To Hitch or Not to Hitch

It is morning and I still haven’t decided. Will I do it? How dangerous is it? Can I do it? At the thought of leaving the hostel to hitchhike the 300 odd kilometres to Chiang Mai, my chest knots itself up and my head goes spinning.

I spend some time on my newsfeed to procrastinate, I google road safety (Thailand is number second in death cases on the road, after Libya) and half-heartedly check bus timings.

Yesterday, I had an argument about whether to do it, in which I revisited a lot of my points from this earlier post.

I think the arguments still stand, but two things make this situation different. One is that I am more tuned in with cautious, or anxious, vibes than I used to be. Therefore, I am more receptive to people telling me that I’m about to do something stupid. Rationally, I still don’t find the particular arguments I encounter convincing (I still think that we tend to exaggerate some risks, like being raped, while neglecting others. I am definitely more worried about car accidents here than about malicious people. And my cursory consultation of the usual sources seems to have shown that, if anything, Thailand is one of the nicer countries for autostopping), but I am faster to doubt myself. But then, I want to update my beliefs on rational grounds, and not because someone got me scared.

The second thing is that, because of the recent changes in my temper, hitchhiking now carries another significance for me. And it feels like now would be an exceptionally bad occasion to not do something because I’m scared.

I decide to give it a go because I want to remind myself that I am able to do things even if I feel scared and that, once I’m in it, reality usually isn’t as bad as I imagine it before I set off.

Just before I go, I have a chat with a girl in my hostel who has hitchhiked in Australia and therefore is sensitive to, and concerned about, my lack of hat or other sun protection. I reply “I might find one on the road” and she laughs about my bad planning. Fifty metres along the main road, there is a shop that sells hats.

I walk on, soon soaked in sweat. “I’ll wait till I’m at the exit of Old Sukhothai, so it will be more obvious that I’m hitchhiking”. This makes me gain time to think, and to collect my thoughts. Whenever a vehicle passes, I find a good reason not to signal – there’s not enough space, it looks like a tourist bus, there’s not enough room to stop. After half an hour, I finally come to a halt, on a place as good as any. I’m having moral doubts, and I feel ashamed. Am I propagating an image of the Western backpacker, who has, or could have, more money than the local population, and yet doesn’t spend any? What are the most likely consequences of my actions? Is it wrong to ask people who probably have less than you for favours? How good is it to ask people for favours at all? Would it really be that much better to spend my time working, to then spend my money feeding the Thai tourist industry (which, in turn, feeds lots of people)? And once I start think about morality, these things are no options at all, go work and spend your money/time really helping people instead of going on holiday!

Still, if choosing only between the two current options – to hitch or not to hitch – it comes down to a question about my goals. If my goal were simply to reach Chiang Mai, I might as well just take that goddamn bus, on danger of never recovering from my persistent air-conditioned cold.

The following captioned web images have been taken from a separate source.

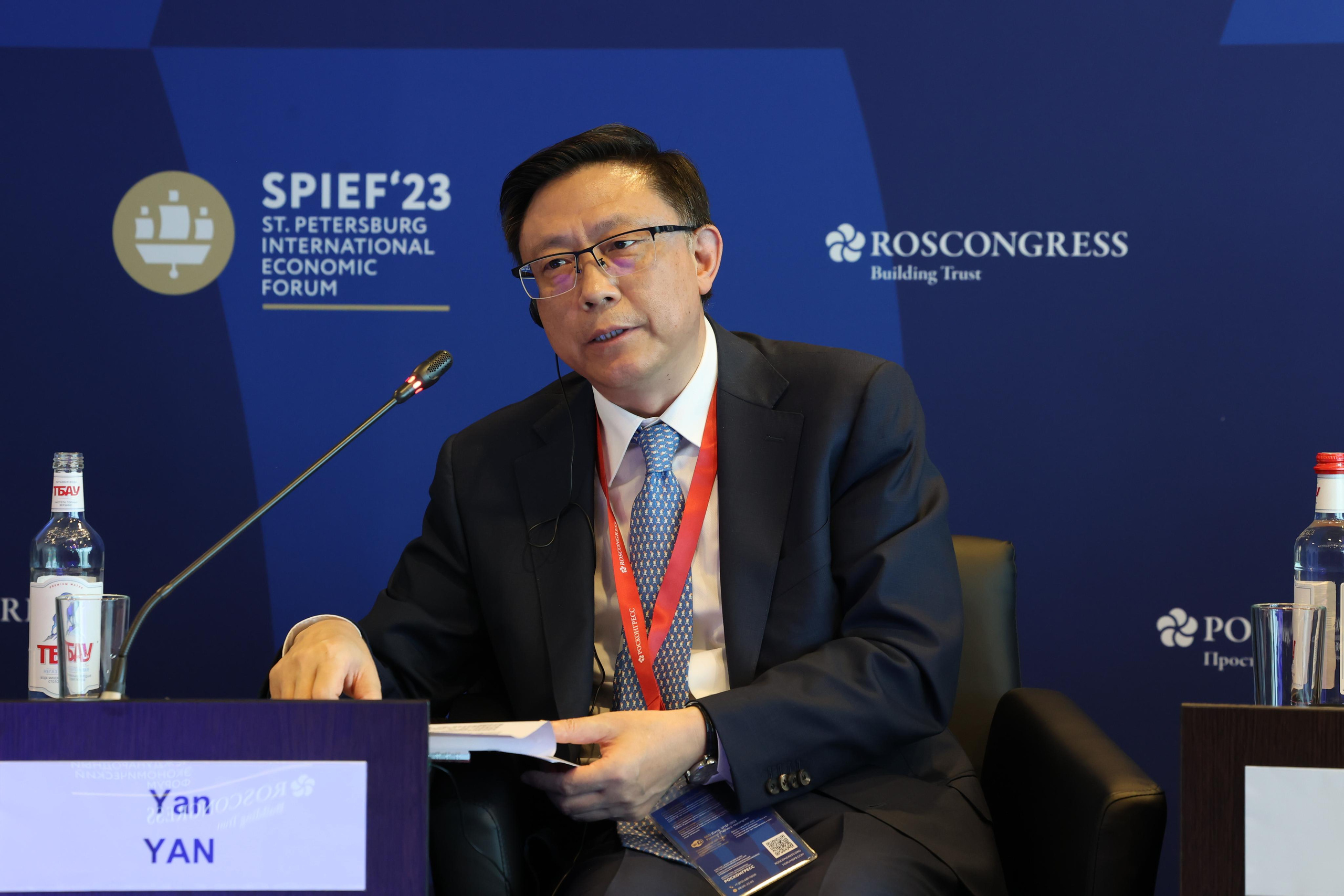 Экономический форум. SPIEF-2023. ФОТОГРАФ РАДОСТИ Фотосессия в студии СПб. Портретный фотограф — Юрий Торлопов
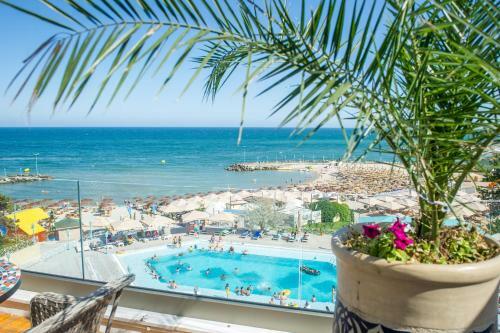 Hotel Phoenicia Blue View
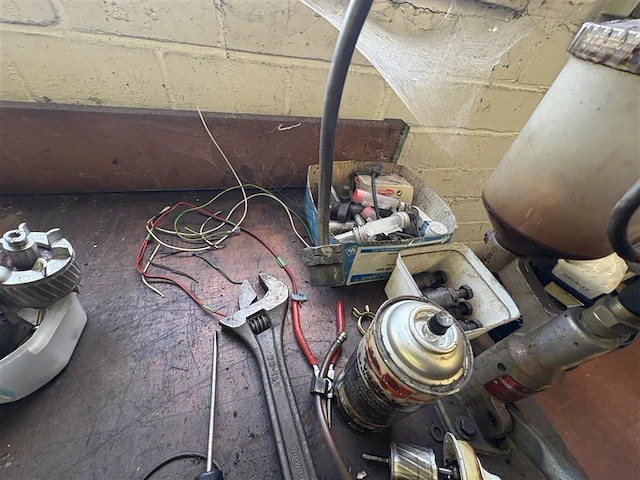 Werkbank met injectortester - afbeelding 3 van  9
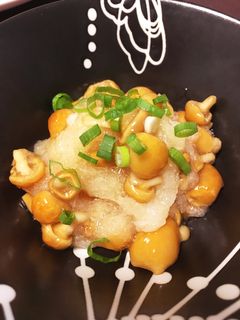 夏にぴったり、簡単なめこおろし。-レシピのメイン写真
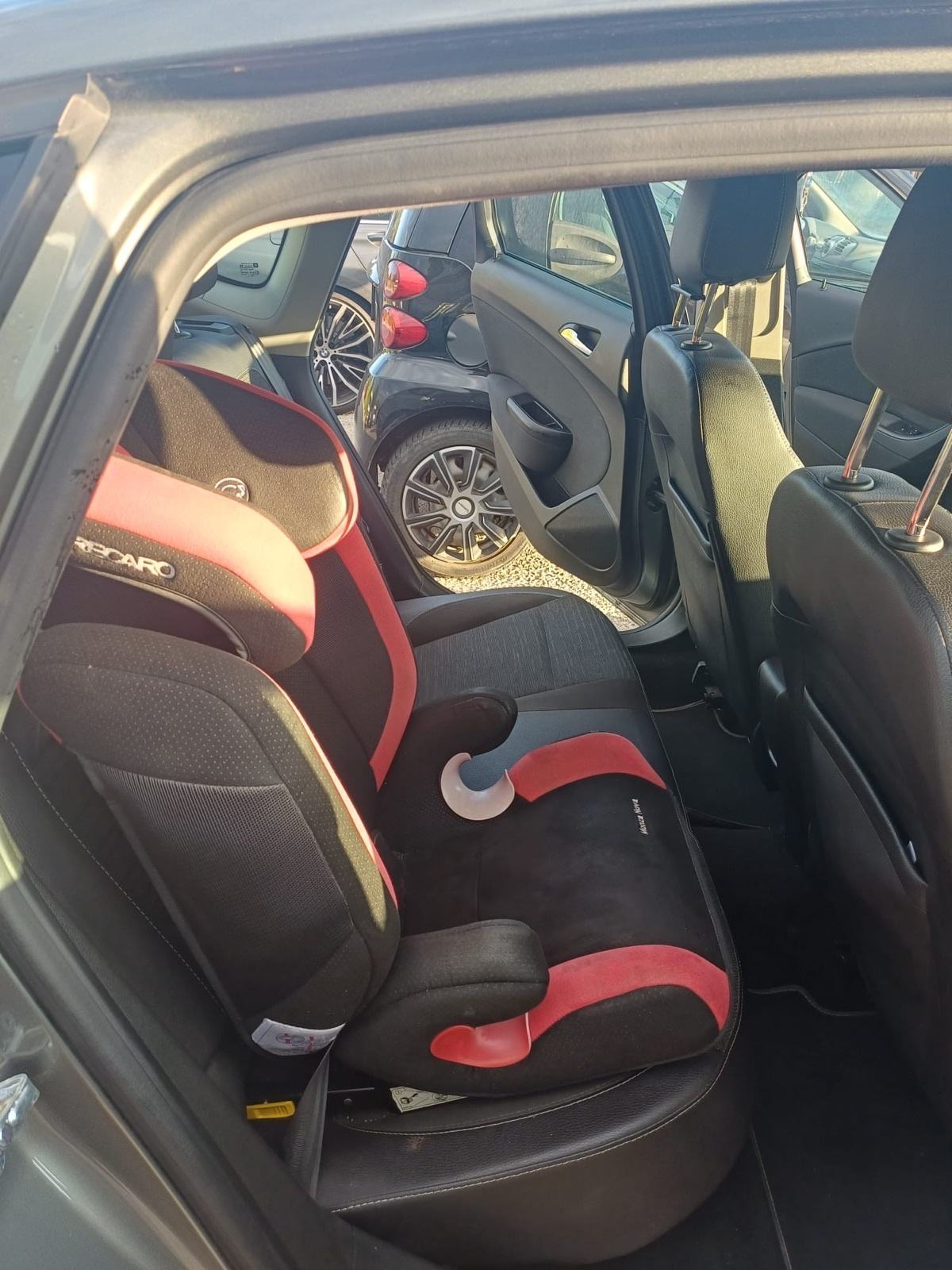 Opel Astra 1,6 *HR AUTO*, fotografija 8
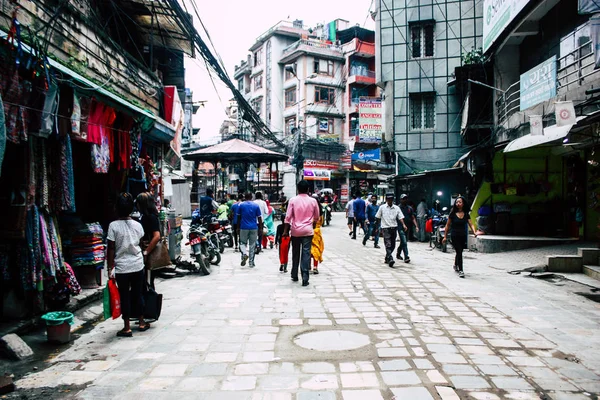 Kathmandu Nepal Augusti 2018 Visa Okända Människor Vandrar Durbar Gatan — Stockfoto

But now that I’m travelling alone again, I aim for experience, I want to challenge myself, and I want to observe how people behave over here.

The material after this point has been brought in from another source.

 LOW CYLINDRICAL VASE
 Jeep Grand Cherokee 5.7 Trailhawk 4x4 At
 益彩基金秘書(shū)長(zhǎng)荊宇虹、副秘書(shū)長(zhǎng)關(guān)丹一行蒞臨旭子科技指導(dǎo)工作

I stick out my thumb, and alternate that gesture with downward waves of my hand, which is how people stop taxis here. No-one seems to understand. My body language is hesitant; I find it very hard not to cross my arms, occupy my arms, twist my legs. I remember the second morning of my marathon-hitch from Morocco and how I’d persuaded people to stop by what seemed to be sheer force of will; how I’d been sure of myself and trusting in fate; how I’d really made myself believe that this was a glorious morning which would end in an awesome day, and how no challenge was able to stop me getting to where I wanted to be.

It doesn’t work this time.

After a while, I get the first acknowledgements: people indicate that they don’t have space or are not going my way. I feel better – at least some people understand what I’m trying to do. But no-one stops. Someone from opposite the road calls me and tries to say something, but we don’t understand each other. He comes from within a building that looks like it belongs to a university or some ministry.

I tell him where I’m going and give him a text in Thai about what I’m doing and what hitchhiking means. He reads it out loud, slowly. Then he smiles and motions me to go inside his car.

I’m not sure he understood, but I let chance decide – we’ll see where he brings me. Indeed, we drive all the way back to town and, out of all places, he stops right in front of my hostel. However, he doesn’t look at it, but crosses the street with me – to the police station opposite. I’m pretty sure hitchhiking is legal over here!?

Soon, I’m surrounded by a flock of more or less helpful police officers in snazzy uniforms, always happy to help what they perceive to be confused tourists. Out of awkwardness face to all this haphazard effort to help, I nod meekly as one of them asks “bus to Chiang Mai?”. And so, I am conducted to the bus station from where I head to my next destination.